Only those lines in the data below from the line containing "Saks Fifth Avenue" through the line containing "Hermes Chevre Mysore", both included, should be restated word for word.
Top of Data provided
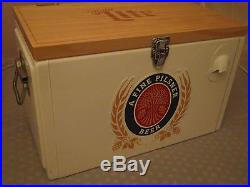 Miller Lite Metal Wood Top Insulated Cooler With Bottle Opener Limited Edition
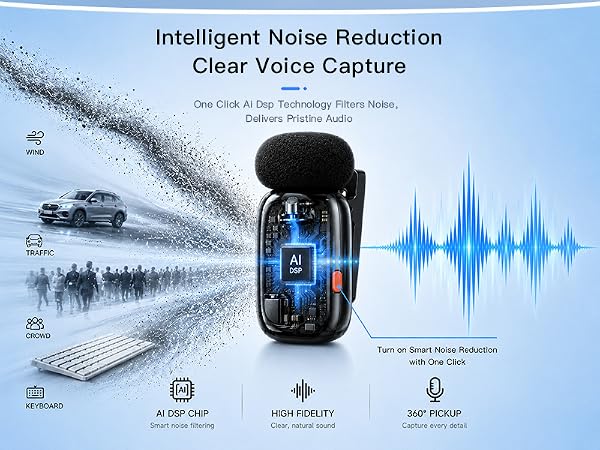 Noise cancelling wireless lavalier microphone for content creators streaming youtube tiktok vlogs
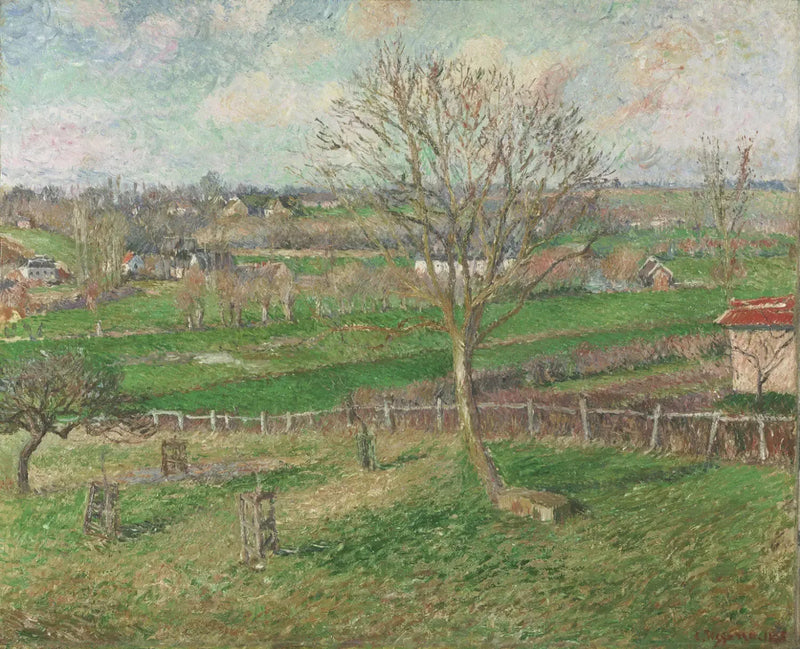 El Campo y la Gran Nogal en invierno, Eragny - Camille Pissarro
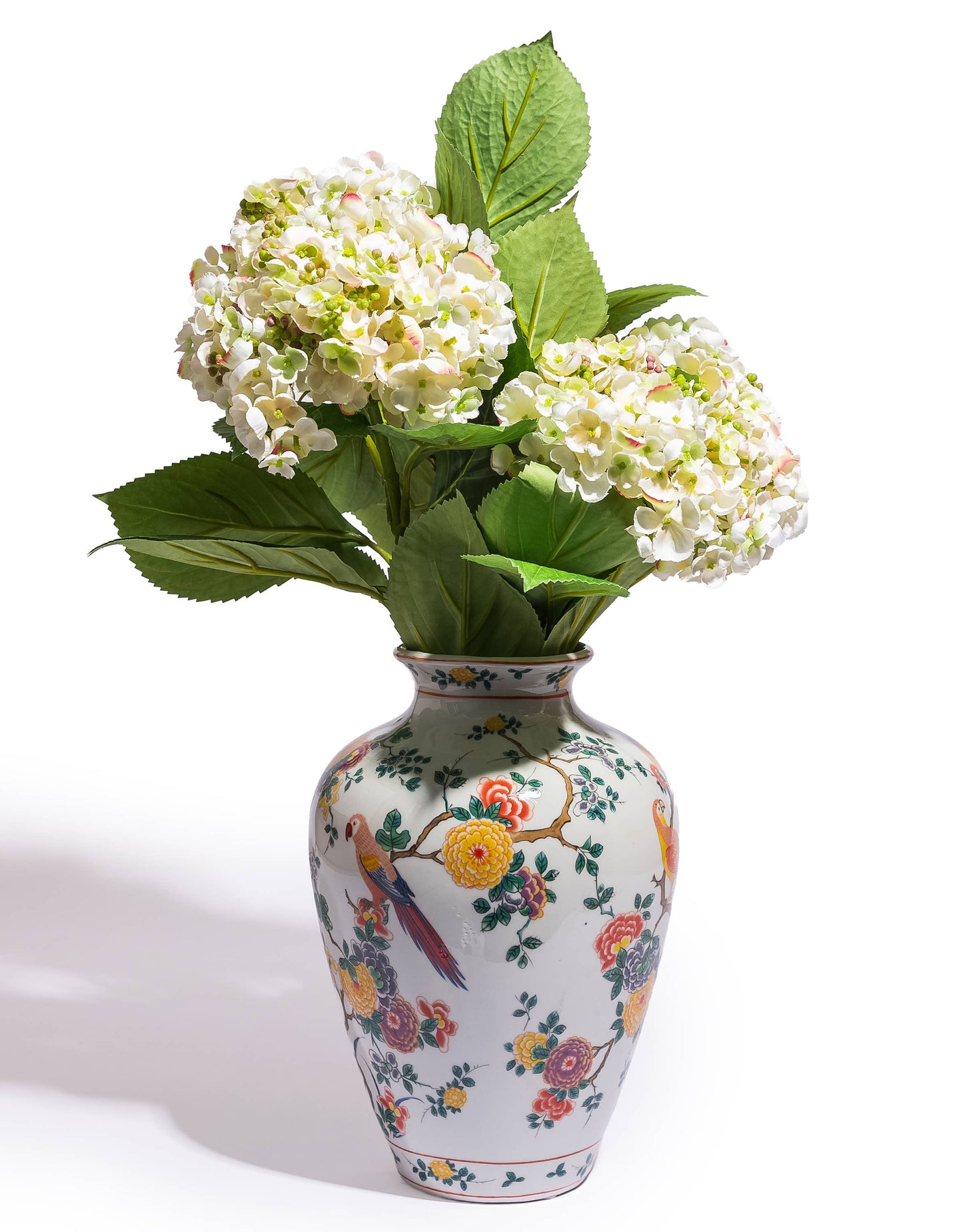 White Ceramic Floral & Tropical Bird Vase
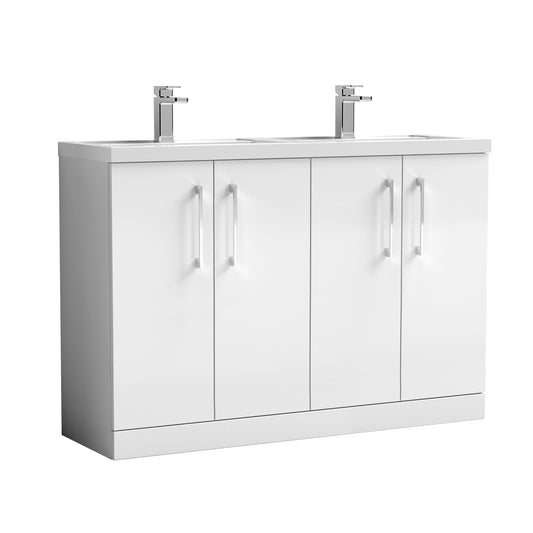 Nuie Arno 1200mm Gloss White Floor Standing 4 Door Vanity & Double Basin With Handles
Bottom of Data provided
Top of Data provided
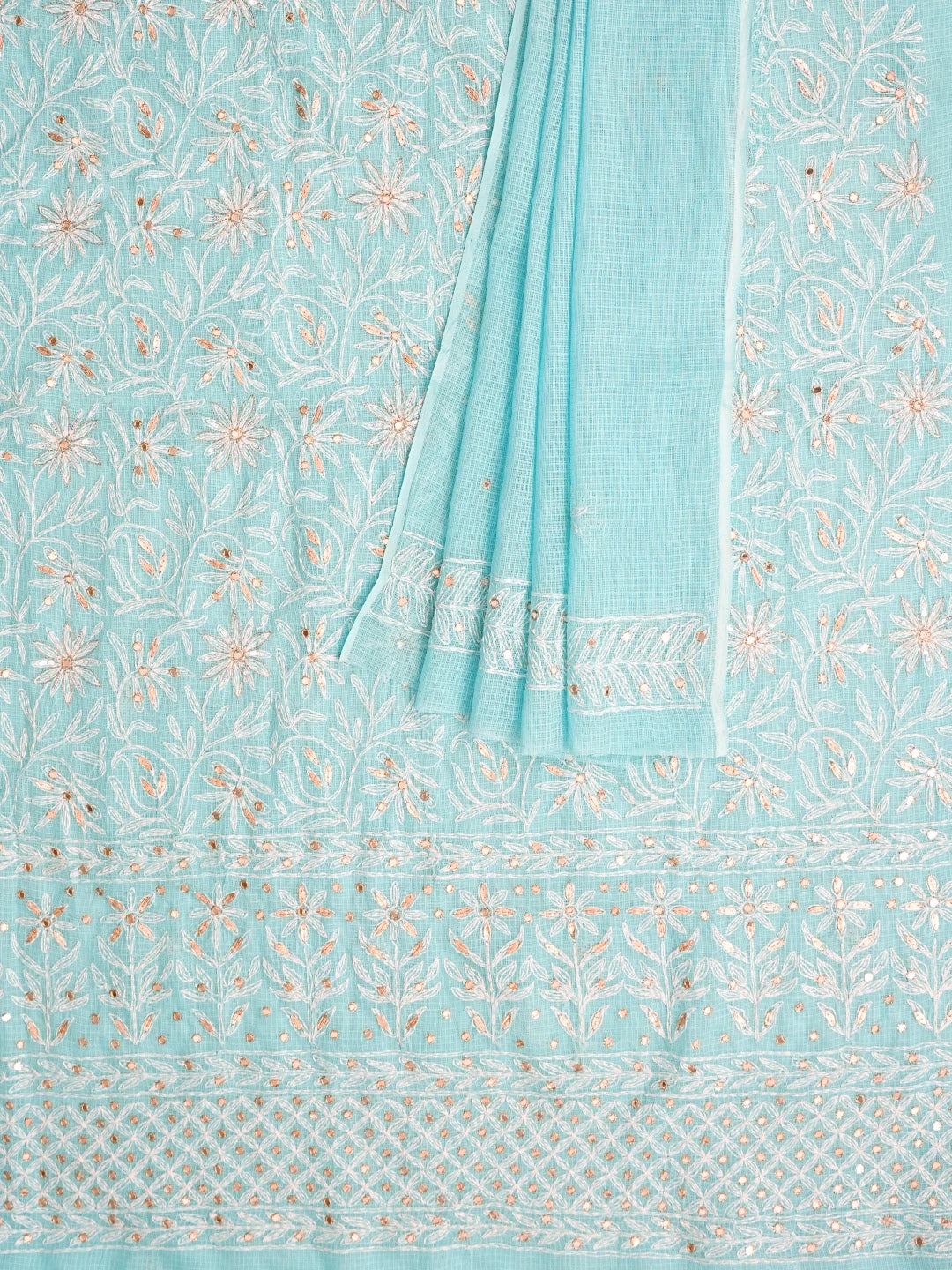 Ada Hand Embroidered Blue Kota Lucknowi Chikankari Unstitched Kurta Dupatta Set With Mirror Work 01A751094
Bottom of Data provided
Top of Data provided
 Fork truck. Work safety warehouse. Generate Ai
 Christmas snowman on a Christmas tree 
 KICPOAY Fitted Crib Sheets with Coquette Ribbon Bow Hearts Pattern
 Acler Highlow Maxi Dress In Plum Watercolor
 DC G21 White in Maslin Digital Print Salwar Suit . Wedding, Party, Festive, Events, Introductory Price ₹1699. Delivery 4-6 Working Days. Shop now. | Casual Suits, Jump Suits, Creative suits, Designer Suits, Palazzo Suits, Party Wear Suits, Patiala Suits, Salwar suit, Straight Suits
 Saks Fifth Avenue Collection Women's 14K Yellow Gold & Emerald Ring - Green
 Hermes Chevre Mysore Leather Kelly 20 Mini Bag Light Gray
Bottom of Data provided
# Solution below
 Saks Fifth Avenue Collection Women's 14K Yellow Gold & Emerald Ring - Green
 Hermes Chevre Mysore Leather Kelly 20 Mini Bag Light Gray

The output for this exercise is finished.